As software becomes the key competitive advantage, organizations no longer enjoy the luxury of selecting either ‘speed’ or ‘quality’ to focus on – both are critical. Continuous Integration, Continuous Testing, and Continuous Delivery have emerged as key catalysts for enabling quality at speed. Of the three, Continuous Testing is by far the most challenging and requires dramatic changes to people, processes, and technology.
While Continuous Integration is primarily a tool-driven activity and Continuous Delivery is a tool- and team-driven activity, Continuous Testing involves tools, teams, individuals, and services.
When implemented correctly, Continuous Testing serves as the centerpiece of the Agile downstream process – executing automated tests as part of the software delivery pipeline in order to provide risk-based feedback as rapidly as possible. Mastering Continuous Testing is essential for controlling business risk given the increased complexity and pace of application delivery today.
Agile is about transforming people, processes, and technologies, and in spite of all this change, one thing tends to remain the same: the software testing process. One recent study reports that 70% of organizations have adopted Agile, but only 30% automate testing. A separate study found that while Agile adoption is now near 88%, only 26% of Agile organizations have broadly adopted test automation.
Consider how test cases are commonly written today. Business Analysts drop a 200-page, text-heavy Business Requirements Document (BRD) on Testers’ desks. Testers have to digest and analyze requirements for complete understanding and transform them into test cases covering all possible outcomes. They write them one-by-one in Microsoft Word or Excel – or if they’re lucky, a test management tool. For a large project with dozens of testers, this cumbersome, manual process is costly and error-prone.
In other words, testing processes remain stuck in the past even as organizations invest considerable time and effort into transforming their development processes to meet today’s and tomorrow’s business demands.
What makes test automation so hard within the Agile context is that the test object is constantly changing since it is gradually refined over sprints. If there is anything a test automation engineer is afraid of, it’s constant changes and the resulting high level of maintenance.
Despite these difficulties, the hard truth is that without automated testing, it is not possible to make Agile work to its full potential, at least not with frequent high-quality deployments.
When a test automation strategy is developed, it’s important to thoughtfully determine both what is worthwhile to automate and what should be automated first to get as large gains possible by automation.
There are many factors that can determine what should be automated first. Some of the candidates that are typopically first in line for automation include:
Avoid comparisons between manual and automated testing because both are needed and each serves a different purpose. Automated tests are a set of instructions written by a person to do a specific task. Every time an automated test is run, it will follow exactly the same steps as instructed and only check for things that it is being asked to check.

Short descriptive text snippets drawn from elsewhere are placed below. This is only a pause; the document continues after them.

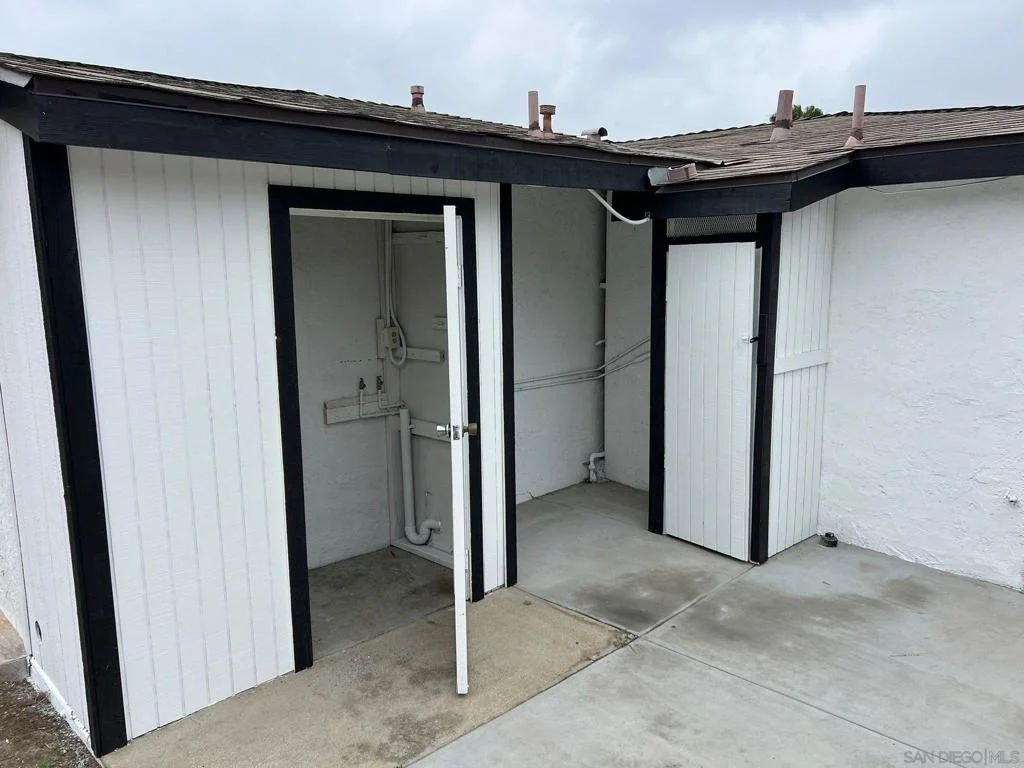 Photo of 1373 Lawana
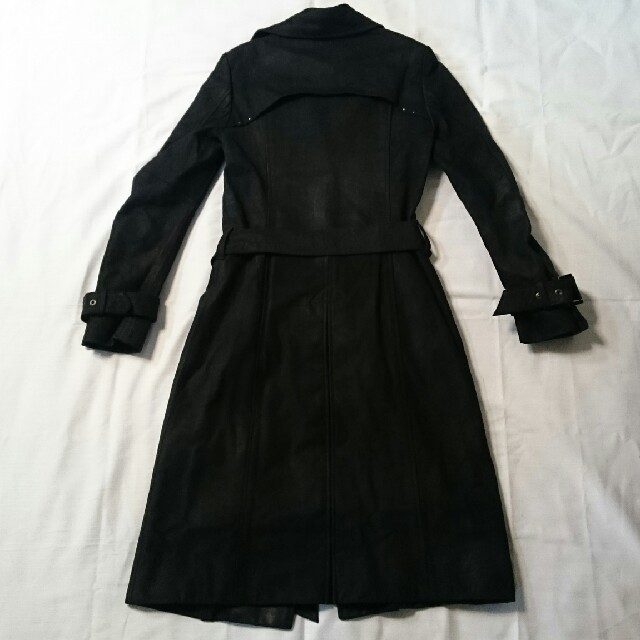 5351 POUR LES FEMMES(ゴーサンゴーイチプーラファム)の5351pour Les Femmes 牛革  日本製  コート  本革   レディースのジャケット/アウター(ロングコート)の商品写真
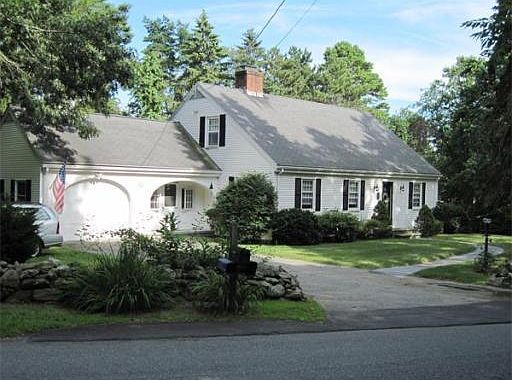 1st image of 104 E Dudley St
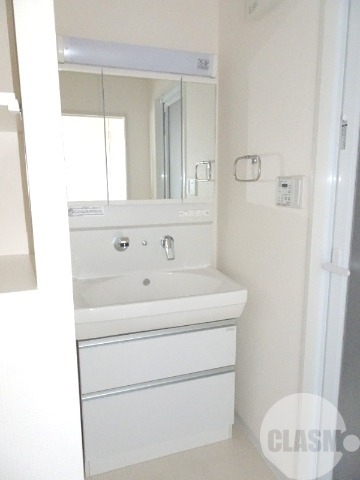 洗面設備　鏡を開くと収納があります♪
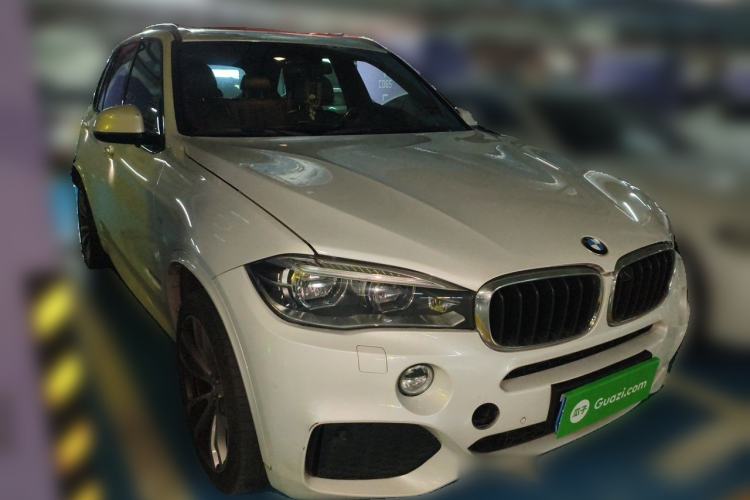 Used BMW X5 2017 xDrive35i M Sport Edition Front Right 45 Deg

On the other hand, during manual testing, a tester’s brain is engaged and can spot other failures in the system. The test steps may not necessarily be the same every time, as the tester can alter the flows during the testing; this is especially true in case of exploratory testing.
To reduce the time your team spends writing functional test cases, there are tools that can automatically generate most of them for you from your defined requirements. This is possible for a couple of reasons:
First, requirements and tests have a special relationship. They offer two ways to envision how a product should work. Functional tests are almost always based on requirements artifacts.
Second, teams are increasingly using more visual techniques, like use cases and process models, to define requirements. Most modern requirements tools use these models as the basis for auto-generating test scenarios. They scan each possible decision point and branch within a process and generate a test case to address them all. For example, in an automated banking transaction with 3 possible outcomes – success, cancellation, or an error due to insufficient funds – auto-test generation will create separate test scenarios to provide full coverage for all possible situations.
Blueprint’s Storyteller has the capability to auto-generate test cases based on functional requirements. For procedural-based requirements, it generates a complete set of test cases for every scenario in every use case. It can also create sets of test cases designed for different testing levels. Testers that are focused on individual processes can use test cases generated from process models, while business stakeholders can use a higher-level, smaller number of test cases generated from use cases.
It’s important to know that auto-generation of test cases from requirements won’t cover all of the tests a team needs. Someone still needs to write the broader, more global tests, like those for non-functional requirements, system testing, and integration testing. But for projects focused on delivering user-facing software, with the large majority of requirements being functional, auto-generating test cases can give your teams a major jump start on confirming quality.